**TASK:**
Take the lines in the listing below from the line with "Aqua Silver Sequin" up to and including the line with "Purple Crystal Ring" and set them down exactly, skipping pictures and adding nothing.

**AVAILABLE DATA:**
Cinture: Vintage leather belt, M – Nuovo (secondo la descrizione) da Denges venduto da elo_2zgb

---

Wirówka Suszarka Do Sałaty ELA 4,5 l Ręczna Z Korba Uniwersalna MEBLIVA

==

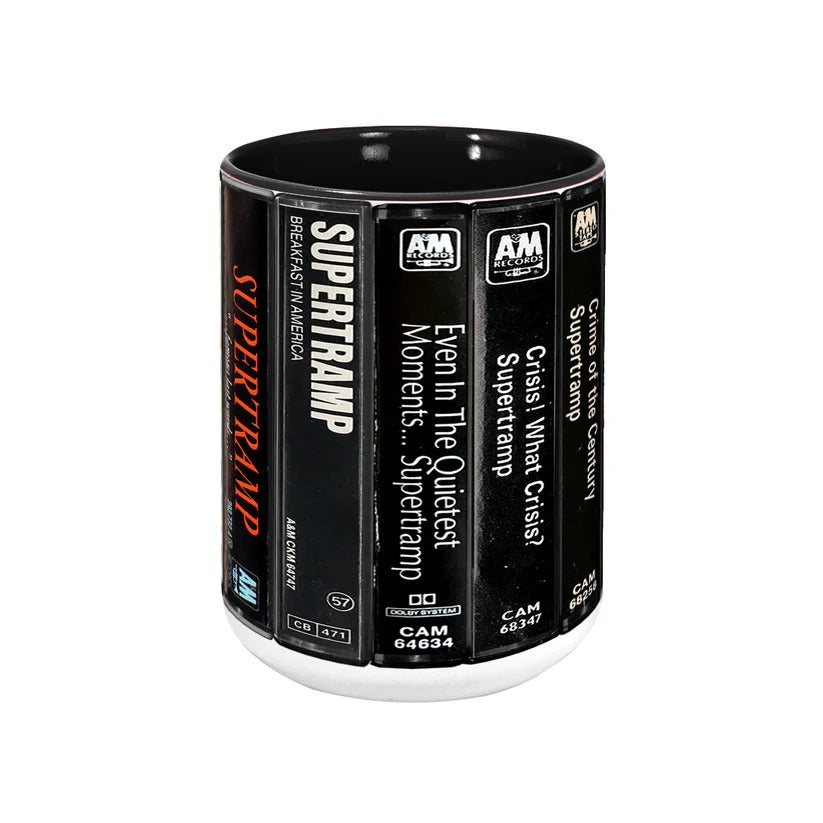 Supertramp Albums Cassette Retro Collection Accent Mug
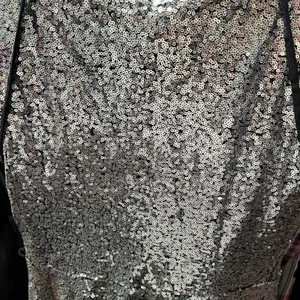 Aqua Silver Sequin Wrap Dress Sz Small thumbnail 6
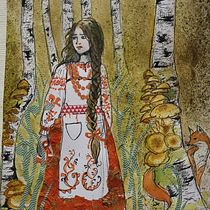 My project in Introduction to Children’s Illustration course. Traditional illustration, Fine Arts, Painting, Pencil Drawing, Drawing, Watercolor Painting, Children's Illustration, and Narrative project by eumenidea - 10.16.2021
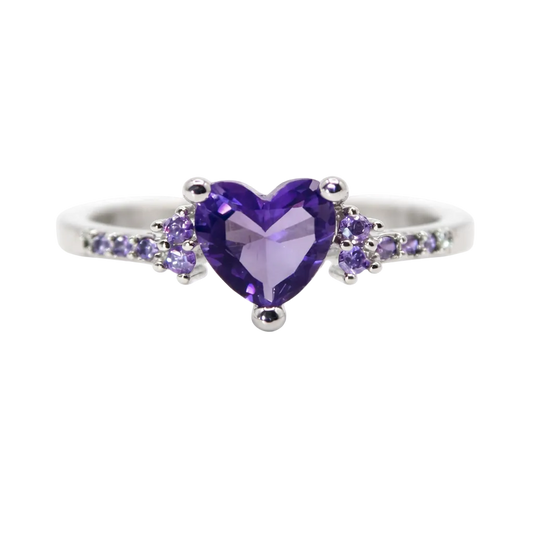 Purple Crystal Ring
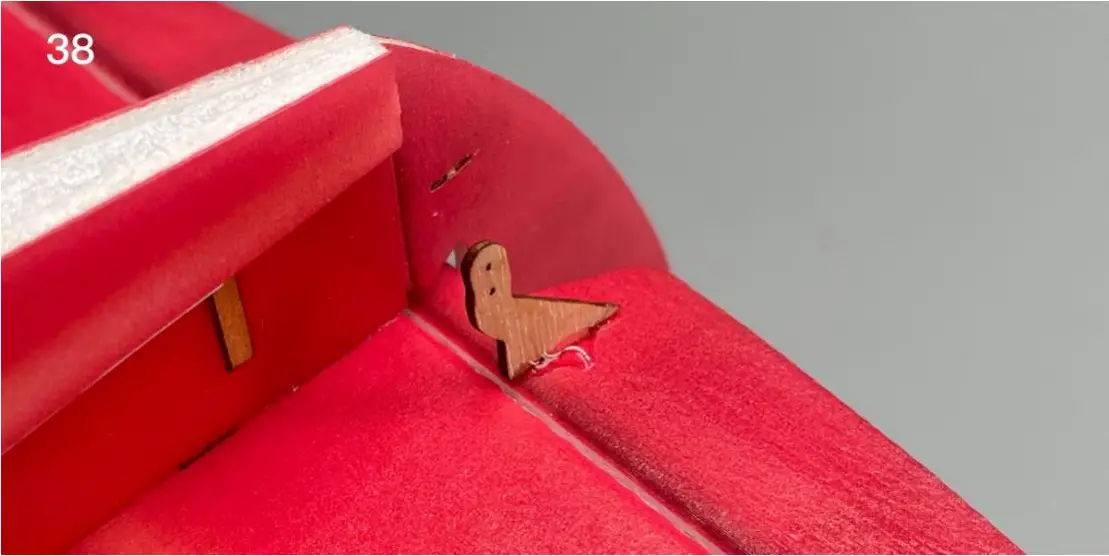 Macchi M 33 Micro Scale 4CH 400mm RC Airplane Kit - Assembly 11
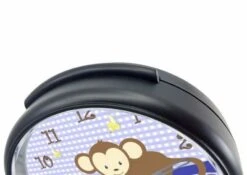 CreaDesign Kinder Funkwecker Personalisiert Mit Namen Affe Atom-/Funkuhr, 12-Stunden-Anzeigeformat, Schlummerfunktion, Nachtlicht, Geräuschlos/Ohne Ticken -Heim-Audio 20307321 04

**REPLY:**
 Aqua Silver Sequin Wrap Dress Sz Small thumbnail 6
 My project in Introduction to Children’s Illustration course. Traditional illustration, Fine Arts, Painting, Pencil Drawing, Drawing, Watercolor Painting, Children's Illustration, and Narrative project by eumenidea - 10.16.2021
 Purple Crystal Ring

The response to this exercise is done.